Source: The Hill
By Rafael Bernal
Venezuelan President Nicolás Maduro on Monday hit back at President Trump for floating a “military option” in the South American country.
“Venezuela cannot be threatened, Mr. Trump,” Maduro told supporters at a rally in Caracas, Reuters reported.
He also called Trump’s remarks “disproportionate and offensive.”
Trump on Friday said he would not “rule out” military action against Venezuela, which has been racked by economic turmoil and a Maduro crackdown on political opponents.
Maduro’s rally, an “anti-imperialist protest” organized by the Venezuelan government, focused on Trump’s statements. The organizers promoted social media hashtags like #StopTrump and #TrumpGoHome.

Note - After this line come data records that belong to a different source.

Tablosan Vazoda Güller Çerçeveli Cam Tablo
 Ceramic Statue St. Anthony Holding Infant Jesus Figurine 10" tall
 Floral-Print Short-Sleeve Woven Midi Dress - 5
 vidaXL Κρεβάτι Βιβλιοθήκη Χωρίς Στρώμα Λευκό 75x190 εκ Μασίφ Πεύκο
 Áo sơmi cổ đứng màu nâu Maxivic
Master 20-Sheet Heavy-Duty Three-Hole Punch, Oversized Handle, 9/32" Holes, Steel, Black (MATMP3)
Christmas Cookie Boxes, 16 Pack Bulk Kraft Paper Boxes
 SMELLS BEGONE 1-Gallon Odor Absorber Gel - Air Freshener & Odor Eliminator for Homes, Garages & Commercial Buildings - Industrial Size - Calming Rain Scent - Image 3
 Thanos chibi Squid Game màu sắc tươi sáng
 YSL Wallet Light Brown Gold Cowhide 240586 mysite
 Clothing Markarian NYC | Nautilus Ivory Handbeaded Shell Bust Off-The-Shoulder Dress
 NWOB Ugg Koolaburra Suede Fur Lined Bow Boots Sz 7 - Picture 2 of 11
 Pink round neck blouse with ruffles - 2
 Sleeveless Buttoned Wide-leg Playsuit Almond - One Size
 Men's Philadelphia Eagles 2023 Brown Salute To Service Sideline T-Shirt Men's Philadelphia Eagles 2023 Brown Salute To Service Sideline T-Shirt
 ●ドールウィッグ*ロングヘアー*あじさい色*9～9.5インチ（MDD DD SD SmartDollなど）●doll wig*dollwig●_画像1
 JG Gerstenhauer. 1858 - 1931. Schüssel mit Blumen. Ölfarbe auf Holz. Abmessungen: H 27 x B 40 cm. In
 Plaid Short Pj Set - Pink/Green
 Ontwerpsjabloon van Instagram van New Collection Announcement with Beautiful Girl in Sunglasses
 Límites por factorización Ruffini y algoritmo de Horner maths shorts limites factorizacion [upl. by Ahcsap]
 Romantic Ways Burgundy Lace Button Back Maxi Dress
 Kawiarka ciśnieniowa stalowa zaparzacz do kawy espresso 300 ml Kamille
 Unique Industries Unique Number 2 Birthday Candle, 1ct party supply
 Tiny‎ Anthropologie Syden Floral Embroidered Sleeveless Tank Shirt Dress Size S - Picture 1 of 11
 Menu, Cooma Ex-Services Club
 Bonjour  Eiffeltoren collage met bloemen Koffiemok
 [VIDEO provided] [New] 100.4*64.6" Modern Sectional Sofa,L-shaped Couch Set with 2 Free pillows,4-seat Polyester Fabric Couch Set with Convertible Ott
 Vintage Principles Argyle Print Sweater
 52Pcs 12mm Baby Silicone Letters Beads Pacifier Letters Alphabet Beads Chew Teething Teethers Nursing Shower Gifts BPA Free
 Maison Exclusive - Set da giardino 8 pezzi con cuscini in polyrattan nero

The controversy comes as Maduro looks to tighten his hold on power following an election that picked an assembly to rewrite the country’s constitution.
The United States levied sanctions on Maduro and 13 officials over the election, which was criticized by Venezuela’s neighbors as a power grab by the government. Opposition groups also boycotted the vote.
Vice President Pence is also traveling through South America. On Monday, at a press conference in Cartagena, Colombia, Pence said Trump spoke with resolve, but wanted a peaceful resolution, reported the Los Angeles Times.
“President Trump is a leader who says what he means and means what he says, but the president sent me here to continue to marshal the unprecedented support of countries across Latin America to achieve by peaceable means the restoration of democracy in Latin America, and we believe it is achievable by those means,” said Pence speaking alongside Colombian President Juan Manuel Santos.
The Pentagon also said Monday that Trump has yet to ask for any military options regarding Venezuela.
But Maduro has seized on the comments to back up claims he and his predecessor Hugo Chavez have long made that the U.S. poses a legitimate threat to the country.
The televised rally was interrupted at one point to broadcast an address by Defense Minister Vladimir Padrino, reported Reuters.
Padrino, standing with armed soldiers, warned the United States was after Venezuela’s oil reserves.
The Venezuelan opposition also criticized the threat of military force, but failed to mention Trump by name. They also slammed the Maduro government for its close ties with Cuba’s communist regime.